# Help me choose (again)!



## Verivus (Nov 7, 2010)

Okay so I've pretty much got it down to two names and I can't decide between the two! So out of curiosity and boredom, which would you choose?

Elo
Exodus (Ex)


----------



## LaRen616 (Mar 4, 2010)

I like the sound of Exodus


----------



## Verivus (Nov 7, 2010)

I like both names; Elo flows a little easier off the tongue. Elo is more cute.. Exodus is more cool.


----------



## WarrantsWifey (Dec 18, 2010)

Is it E-Low? E-Loo? 

I like Exodus right now....


----------



## Verivus (Nov 7, 2010)

It's E-low. Like Eli, but with an 'o' instead of 'i' at the end.


----------



## Del (Apr 25, 2011)

Exodus for a male, sounds bold 

Elo for a female, it sounds smooth


----------



## DougGeneration (Apr 28, 2011)

Elo! Elo! Elo???

Nah.. Exodus it is for me!


----------



## Lilie (Feb 3, 2010)

I like the sound of Exodus.
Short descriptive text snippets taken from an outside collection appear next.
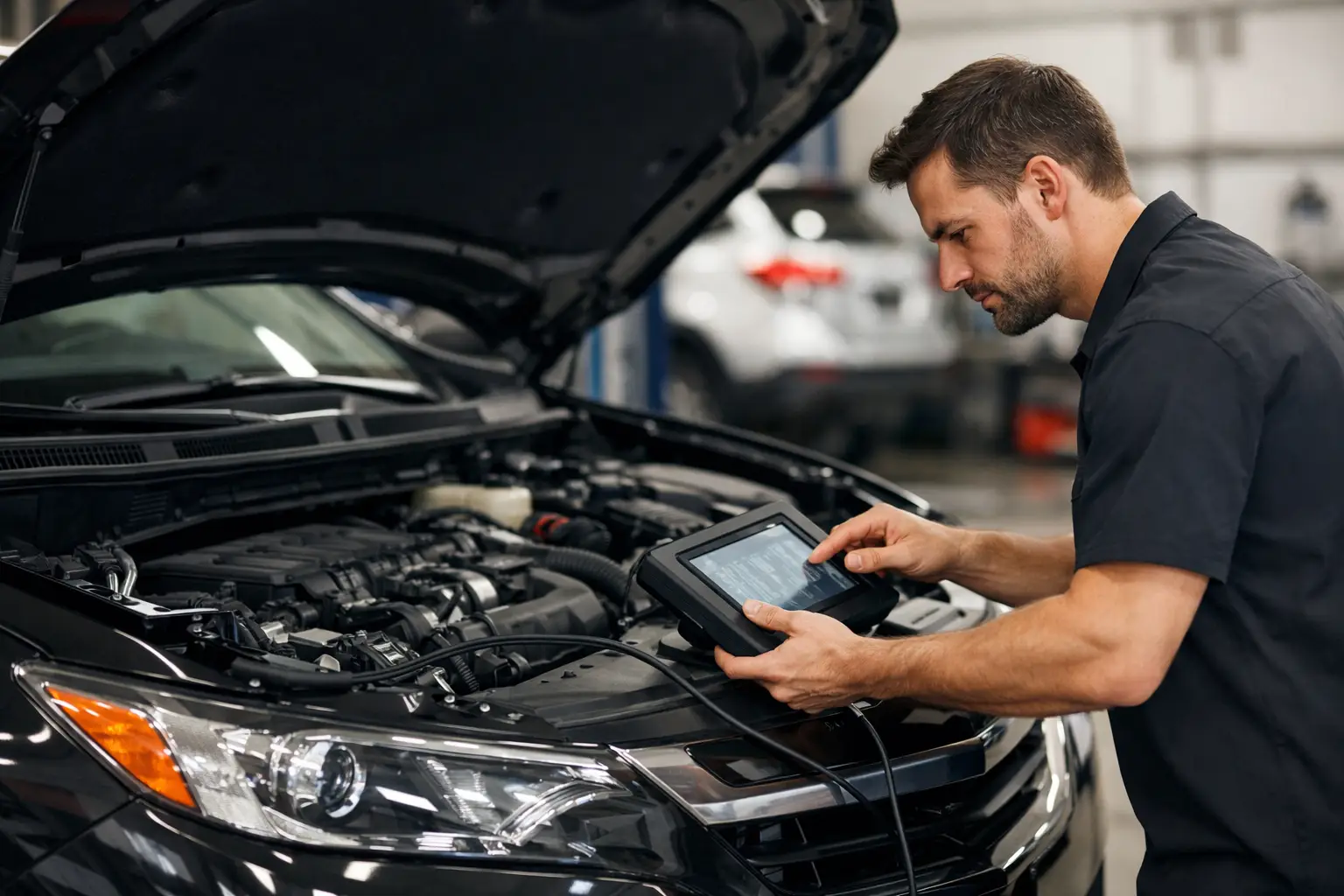 Engine Diagnostics Mandurah Done Right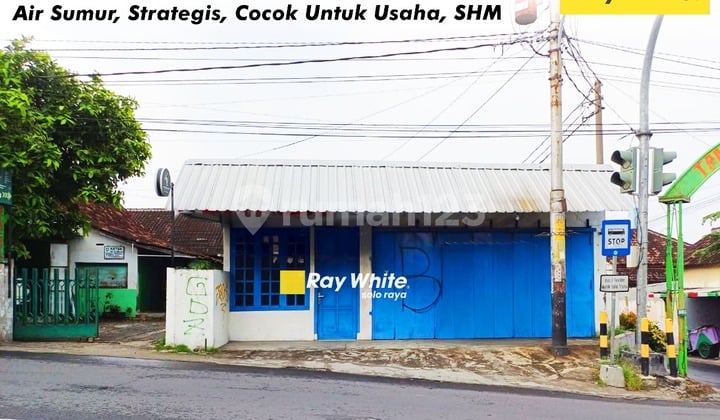 Ruang Usaha Strategis Dekat Rs. Dr Oen, Jl Brigjen Katamso, Mojosongo, Jebres, Solo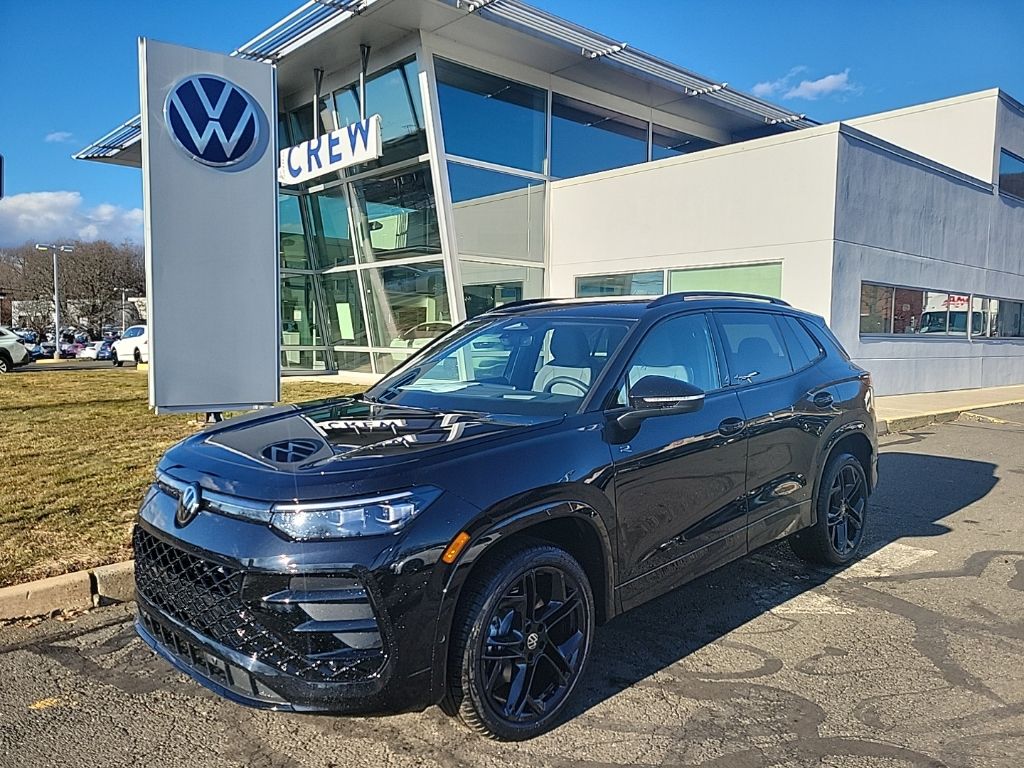 2026 Volkswagen Tiguan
And when you have your pup out in public with you, you get to say, 

"Hi, have you met my Ex?" 

Yea, I like Exodus.


----------



## DougGeneration (Apr 28, 2011)

Lilie said:


> I like the sound of Exodus. And when you have your pup out in public with you, you get to say,
> 
> "Hi, have you met my Ex?"
> 
> Yea, I like Exodus.


You crack me up! :laugh:


----------



## Jax's Mom (Apr 2, 2010)

I'm surprised people were all outraged when someone named their dog *Adolf* but are preferring the name *Exodus*


----------



## juliejujubean (May 4, 2011)

Lilie said:


> I like the sound of Exodus. And when you have your pup out in public with you, you get to say,
> 
> "Hi, have you met my Ex?"
> 
> Yea, I like Exodus.


very clever, i like it


----------



## Verivus (Nov 7, 2010)

juliejujubean said:


> very clever, i like it


I second that.


----------



## benjamin1 (May 9, 2011)

Exodus for sure i just could no call my dog elo sounds like hello to much


----------



## Kevin W (May 3, 2011)

I like Exodus better. That way you can call him "Exo" for short. I like names that you can shorten and sound awesome!


----------